The PARADIGM-HF study evaluated the efficacy of LCZ696, a concomitant inhibitor of neprilysin and angiotensin receptor, on the rate of mortality due to cardiovascular causes and hospitalization. Compared to enalapril, angiotensin receptor-neprilysin inhibitor significantly reduced the rate of hospitalization by 21% and decreased the rate of cardiovascular and hospitalization-related deaths from 26.5% to 21.8%. The administration of angiotensin receptor-neprilysin inhibitor reduced chronic heart failure symptoms and the associated limitation of physical activity.[1]

Angiotensin Receptor-Neprilysin Inhibitor

The inhibition of neprilysin, a neutral endopeptidase, has been associated with a decrease in vasoactive peptides among patients with heart failure. In fact, neprilysin inhibition decreases the breakdown of natriuretic peptide, bradykinin, and adrenomedullin leading to an attenuation of sodium retention and vasoconstriction observed in heart failure patients.[2][3][4]

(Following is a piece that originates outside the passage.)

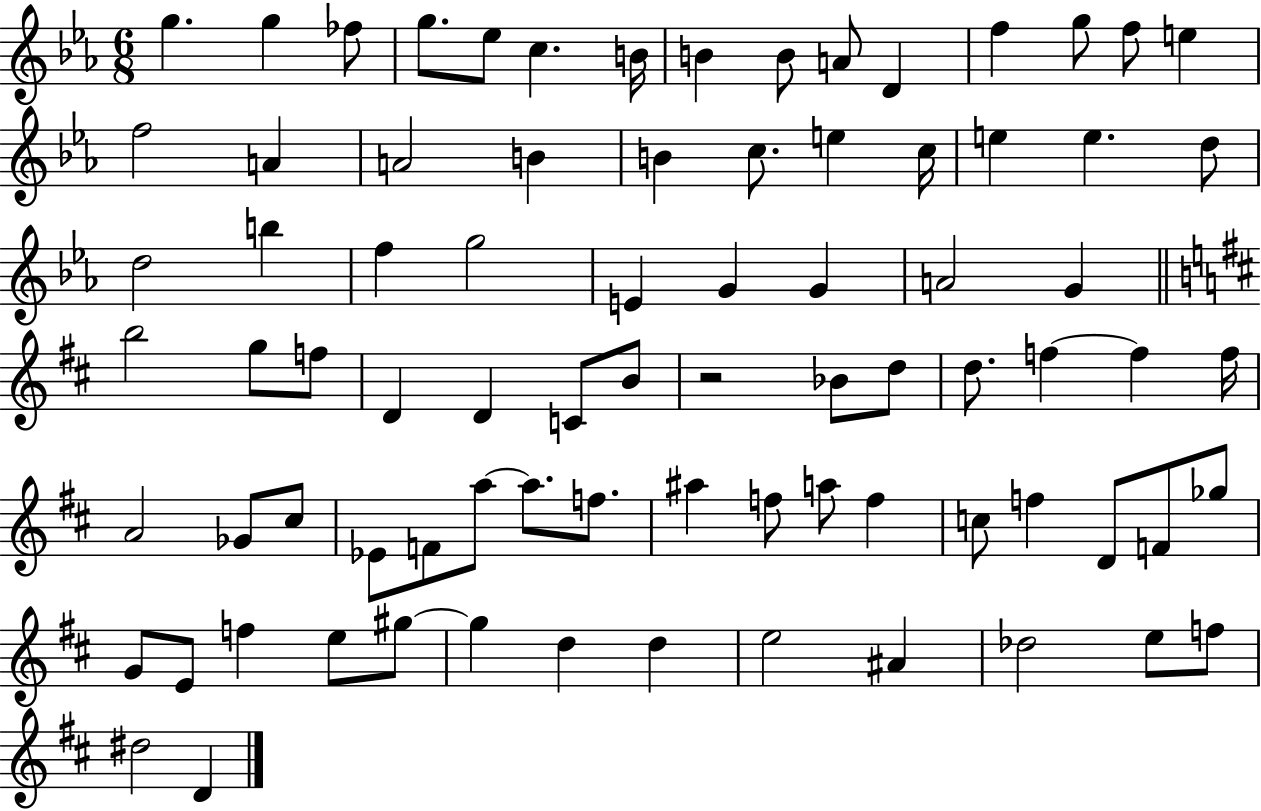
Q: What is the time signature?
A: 6/8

Animal studies revealed that the effect of neprilysin inhibition is further potentiated with the concomitant inhibition of the renin angiotensin system by the administration of ACE inhibitors at the expense of an increased risk of angioedema.[5] The PARADIGM-HF study evaluated the efficacy of LCZ696, a concomitant inhibitor of neprilysin and angiotensin receptor, on the rate of mortality due to cardiovascular causes and hospitalizations. PARADIGM-HF randomized 8442 chronic heart failure patients with an ejection fraction inferior to 40% to either enalapril or angiotensin receptor-neprilysin inhibitor. Compared to enalapril, angiotensin receptor-neprilysin inhibitor significantly reduced the rate of hospitalization by 21% and decreased the rate of cardiovascular and hospitalization-related deaths from 26.5% to 21.8%. The administration of angiotensin receptor-neprilysin inhibitor reduced chronic heart failure symptoms and the associated limitation of physical activity.[1]

Class I

1. In patients with chronic symptomatic HFrEF NYHA class II or III who tolerate an ACE inhibitor or ARB, replacement by an ARNI is recommended to further reduce morbidity and mortality. (Class I, Level of Evidence: B-R)

Class III (Harm)

1. ARNI should not be administered concomitantly with ACE inhibitors or within 36 hours of the last dose of an ACE inhibitor. (Class III, Level of Evidence: B-R)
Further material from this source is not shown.